All I do know for sure is that this series has been as close as it gets so far, with each game being decided by a run and the outcome being determined late. The first two games have given me a sense that the teams are just feeling each other out and that the next three, in Los Angeles, will provide a bit more coherence to all of this. Not that there isn’t something a bit fun about incoherence when it comes to a playoff series.

Your viewing guide:

NLCS Game 3

Brewers vs. Dodgers
Ballpark: Dodger Stadium
Time: 7:39 PM Eastern
TV: FS1
Pitchers: Jhoulys Chacin vs Walker Buehler
Breakdown:

Jhoulys Chacin had an excellent NLDS start against the Colorado Rockies, turning in five scoreless innings. If he does something approaching that tonight the Brewers will be in pretty good shape given that Josh Hader — who pitched three shutdown innings in Game one — is available again tonight. To the extent Craig Counsell needs to dig more deeply into his reliever corps, however, things could get dicey. Corbin Burnes, Jeremy Jeffress, Corey Knebel and Joakim Soria have combined to allow seven earned runs in four innings. Brandon Woodruff, who has been dominant thus far, throwing five scoreless innings, stands a good chance of being the opener for Game 4, so Counsell will likely try to keep him off the mound tonight. That puts a decent amount of pressure on Chacin to get the game to Hader with as few innings remaining as possible.

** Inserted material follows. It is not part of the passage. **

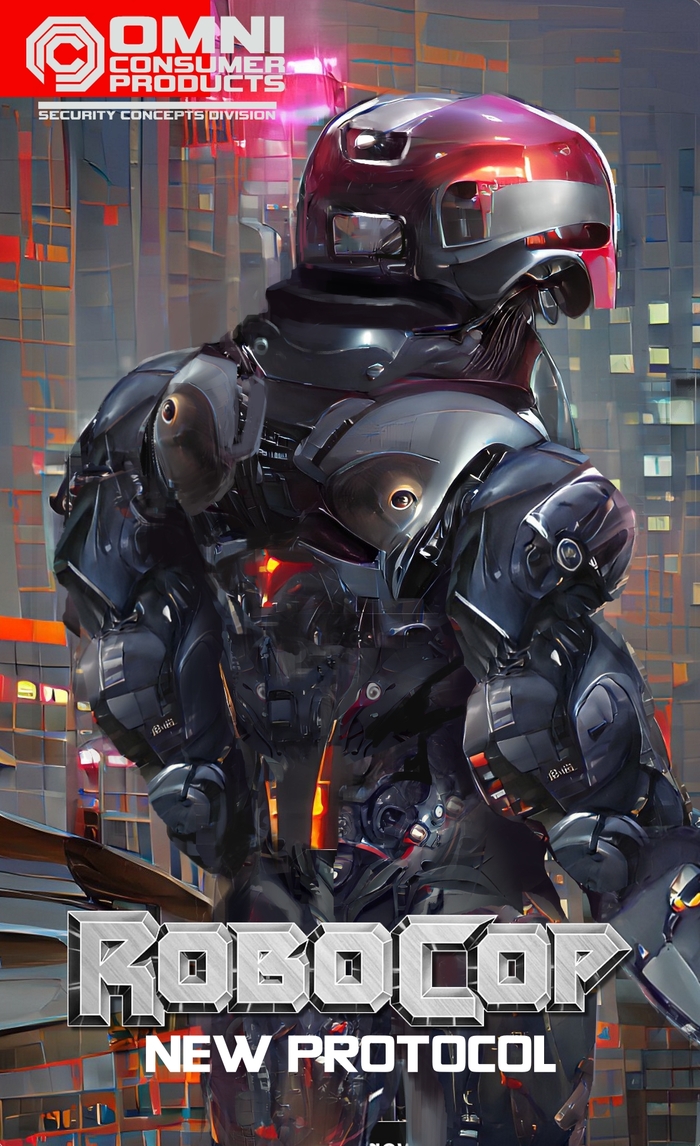 Robocop - New Protocol 2022 Sketch , , , , , , 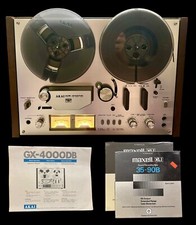Vintage Japan Akai GX-4000D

For Los Angeles, it’s Walker Buehler who, the grand slam he gave up to Ronald Acuña in the NLDS notwithstanding, was the Dodgers’ most dominant starter down the stretch. In keeping with the somewhat flipped script so far, however, the Los Angeles bullpen has been solid, allowing just two runs over their ten and two-thirds innings in Games 1 and 2. Not that Dave Roberts wouldn’t love to see Buehler go deep tonight too.